→ **TASK DIRECTIONS**
What is needed is an exact copy of the lines in the entries below from the one holding "Misty Mountain Cabin" through the one holding "黄铜琉璃容怀水杯供水杯观音净水杯家用圣水杯", pictures excluded.

→ **TASK INPUT**
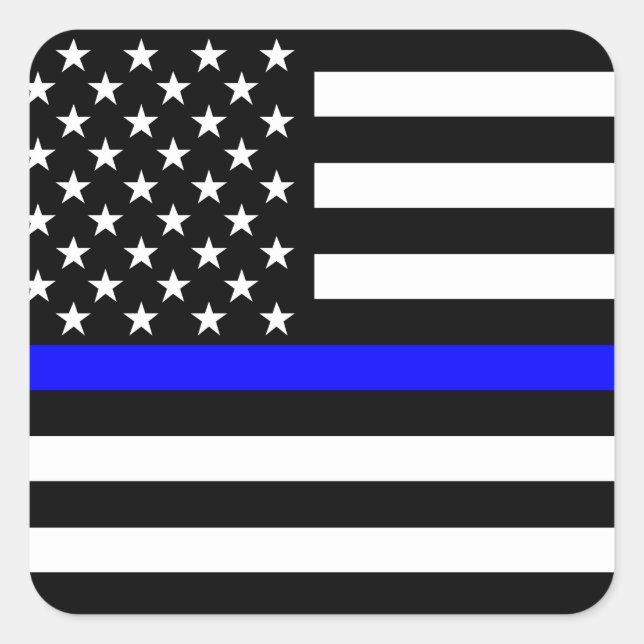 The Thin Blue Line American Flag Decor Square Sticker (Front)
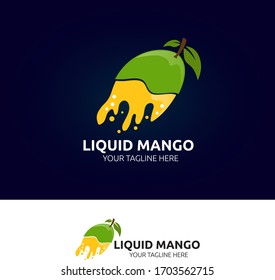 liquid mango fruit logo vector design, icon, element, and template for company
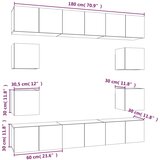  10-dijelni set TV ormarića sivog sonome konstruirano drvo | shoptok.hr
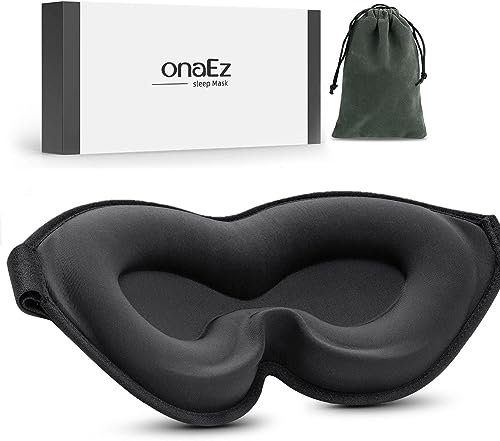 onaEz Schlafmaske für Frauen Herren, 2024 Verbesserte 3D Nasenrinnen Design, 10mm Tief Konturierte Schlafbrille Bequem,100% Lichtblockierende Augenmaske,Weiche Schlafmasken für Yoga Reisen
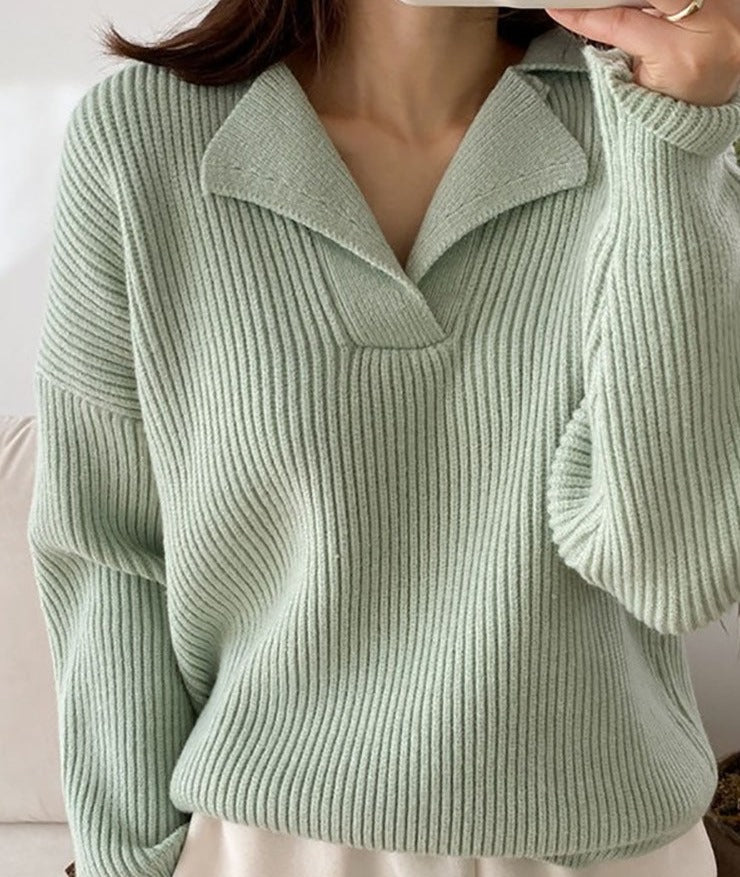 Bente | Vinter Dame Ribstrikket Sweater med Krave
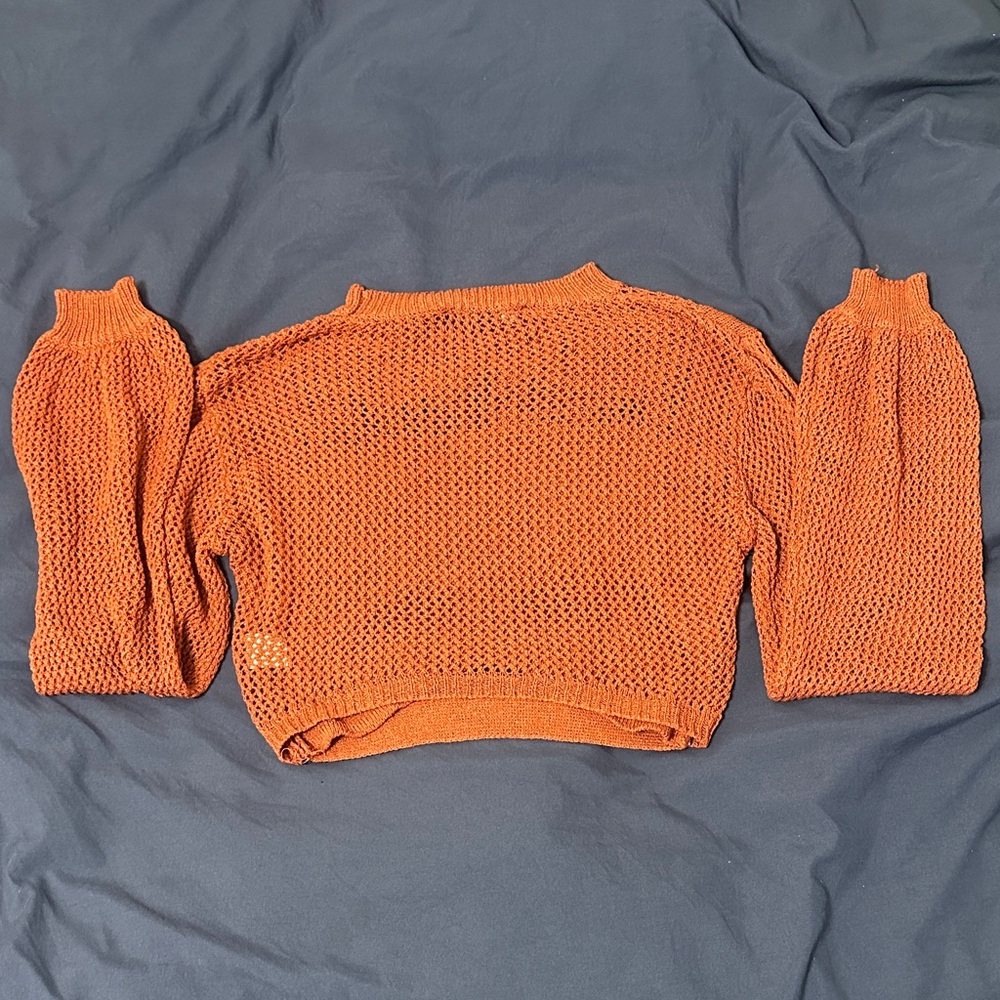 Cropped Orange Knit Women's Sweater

--

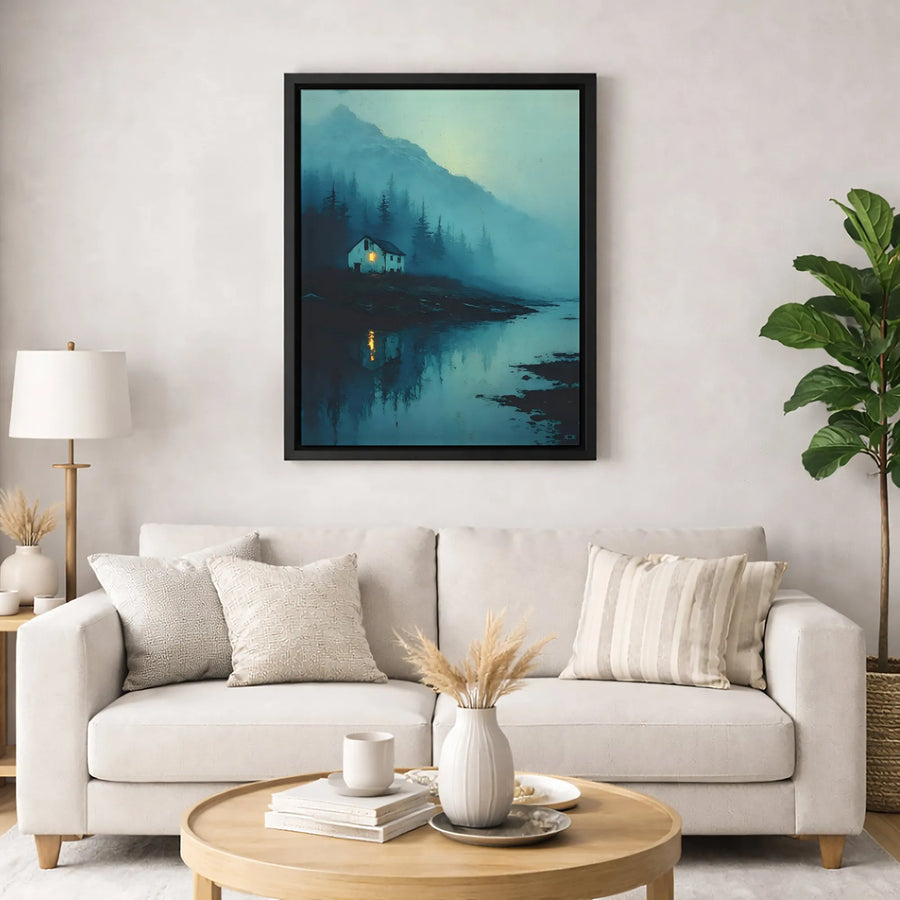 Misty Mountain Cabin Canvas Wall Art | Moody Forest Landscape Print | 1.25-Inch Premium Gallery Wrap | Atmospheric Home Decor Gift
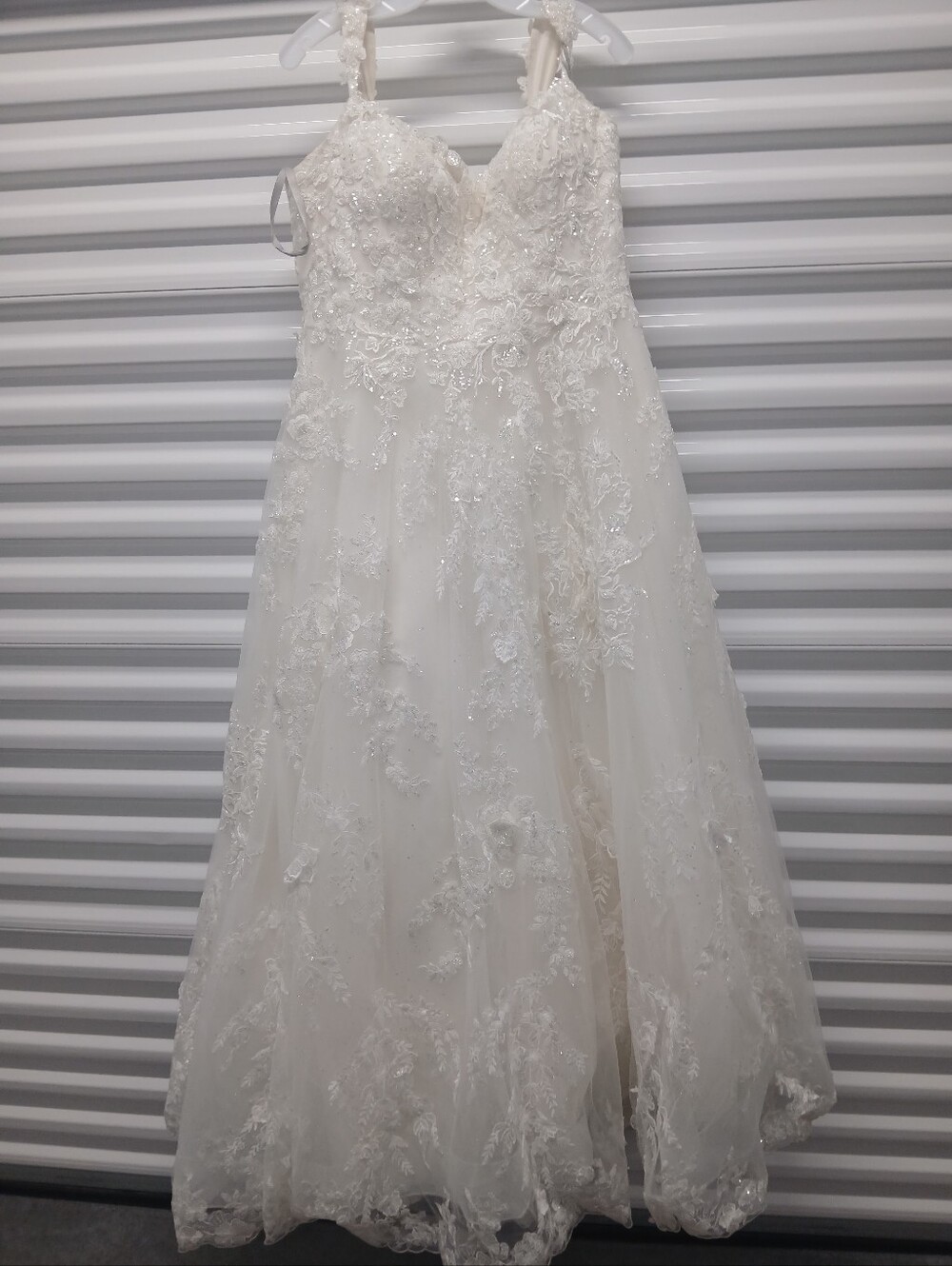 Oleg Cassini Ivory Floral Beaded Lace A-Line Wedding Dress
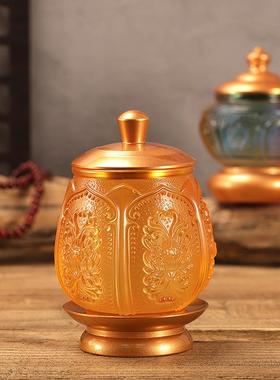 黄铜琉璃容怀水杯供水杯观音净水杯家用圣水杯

→ **TASK SOLUTION**
 Misty Mountain Cabin Canvas Wall Art | Moody Forest Landscape Print | 1.25-Inch Premium Gallery Wrap | Atmospheric Home Decor Gift
 Oleg Cassini Ivory Floral Beaded Lace A-Line Wedding Dress
 黄铜琉璃容怀水杯供水杯观音净水杯家用圣水杯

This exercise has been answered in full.